Starting last night, Filipino stargazers began to have a skygazing delight in areas where there was no drizzle with the Geminid meteor shower kicking off its two-week show which will peak on December 14 – the first of two this December.
The Philippine Atmospheric, Geophysical and Astronomical Services Administration (PAGASA) said the Geminid meteor shower was expected to deliver 120 meteors per hour under clear sky conditions.
The Ursid meteor shower will chase the Geminid meteor shower from December 17 to 26. This can show around four meteors per hour when Ursa Minor is at its peak before dawn on December 23.
PAGASA said these showers would be visible to the naked eye. It is ideal to observe them in a remote and dark location away from the city lights and under clear sky conditions.
Weather experts say the best time to see anything in the night sky is when the sky is darkest and when the target is at its highest position in the sky. For meteor showers, this usually occurs between midnight and the very early hours of the morning.
“This (meteor shower) is produced by debris left behind by asteroid 3200 Phaethon,” PAGASA said. “Best time to observe is around 2 a.m. when its radiant, constellation Gemini, reaches its highest position in the sky.”

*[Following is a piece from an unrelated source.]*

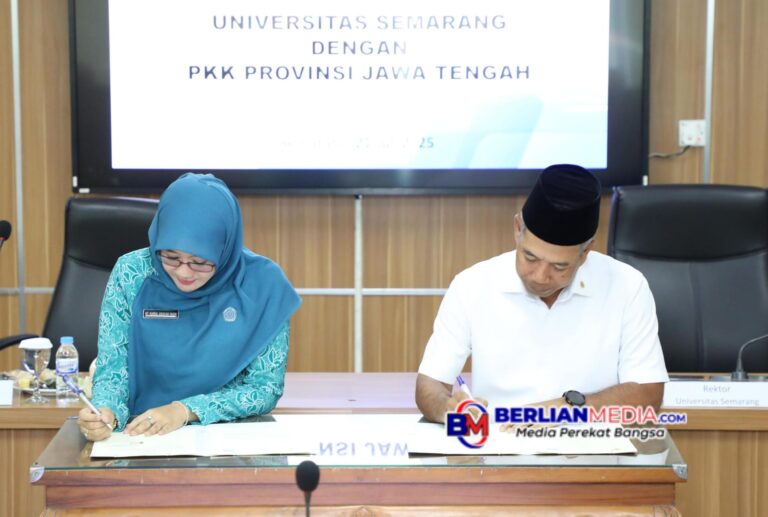 Perkuat Pemberdayaan Keluarga, PKK Jawa Tengah Teken MoU dengan USM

The Geminids are a prolific meteor shower caused by the object 3200 Phaethon, which is thought to be a Palladian asteroid with a “rock comet” orbit. This would make the Geminids, together with the Quadrantids, the only major meteor showers not originating from a comet.
The Geminid meteor shower, typically the strongest meteor shower of the year, is officially active in the night skies and producing shooting stars and fireballs.
Even now, before its peak in mid-December, the Geminids can produce at least one meteor per hour, according to the American Meteor Society. On the other hand, the Ursids meteor activity begins annually around December 17 and runs for a week plus, until the 25th or 26th.
This meteor shower is named for its radiant point, which is located near the star Beta Ursae Minoris in the constellation Ursa Minor.
“Meteor showers are observable through the naked eye, and no special equipment such as telescopes or binoculars is needed,” PAGASA said in its December Astrological Diary.
“Maximize the viewing experience by choosing a dark observation site away from the city lights under clear and moonless sky conditions,” it added.